That love is chiefly the instinct for the propagation of the species shows itself in the fact that most men will fall in love with any woman in their way, and not being able to
get the first woman on whom they have set their heart, soon turn to a second.

It is but seldom that a man loves once and for all; it may only show that his sexual instincts are not very strong.

As soon as the instinct of propagation has been satisfied, the madness which blinded the lover disappears and leaves him with a wife to whom he is indifferent.

I do not know what is meant by abstract beauty. The beautiful is that which excites the æsthetic sense in the artist. What is beautiful to an artist today will be beautiful to all and sundry in ten years. Not so many years ago everyone would have said that nothing was more hideous than factory chimneys with black smoke belching from them; but certain artists discovered in them a decorative quality and painted them; they were laughed at at first, but little by little people saw beauty in their pictures and then looking at what they had painted saw beauty there too. It does not now require great perspicacity to receive as great a thrill of delight from a factory with its chimneys as from a green field with its flowers.

People wonder at the romantic lives of poets and artists, but they should rather wonder at their gift of expression. The occurrences which pass unnoticed in the life of the average man in the existence of a writer of talent are profoundly interesting. It is the man they happen to that makes their significance.

Men have an extraordinarily erroneous opinion of their position in nature; and the error is ineradicable.
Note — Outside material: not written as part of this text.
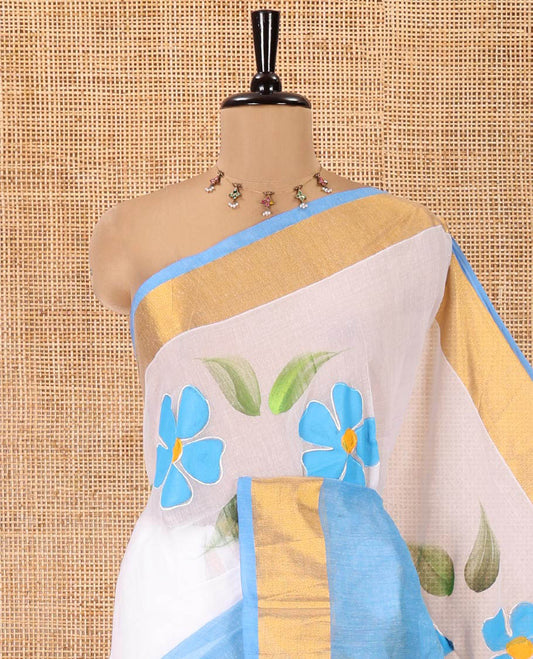 White and Blue Khadi Mul Cotton Saree, Adorned with Hand-Brush Painting-Style Floral Block Printed Body, a Subtle Gold Zari Border, a Self-Pallu, and Paired with a Matching Blouse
If the good were only a little less heavy-footed!

The philosopher is like a mountaineer who has with difficulty climbed a mountain for the sake of the sunrise, and arriving at the top finds only fog; whereupon he wanders down again. He must be an honest man if he doesn't tell you that the spectacle was stupendous.

Today reasons are hardly necessary to refute Christianity; there is a feeling in the air against it, and since religion is itself a feeling, feeling is the instrument to cope with it. One man has faith and the other hasn't; and there perhaps is the end of it: their respective arguments are only rationalisations of their feelings.

Those who live for the world and work for the world naturally demand the world's approval. But the man who lives for himself neither expects nor is affected by the world's approval. If he is indifferent to Tom, Dick and Harry, why should he care what they think of him?

The power of great joy is balanced by an equal power of great sorrow. Enviable is the man who feels little, so that he is unaffected either by the extremes of bliss or of grief. In the greatest happiness there is still an after-taste of bitterness, while misery is unalloyed.

No man in his heart is quite so cynical as a well-bred woman.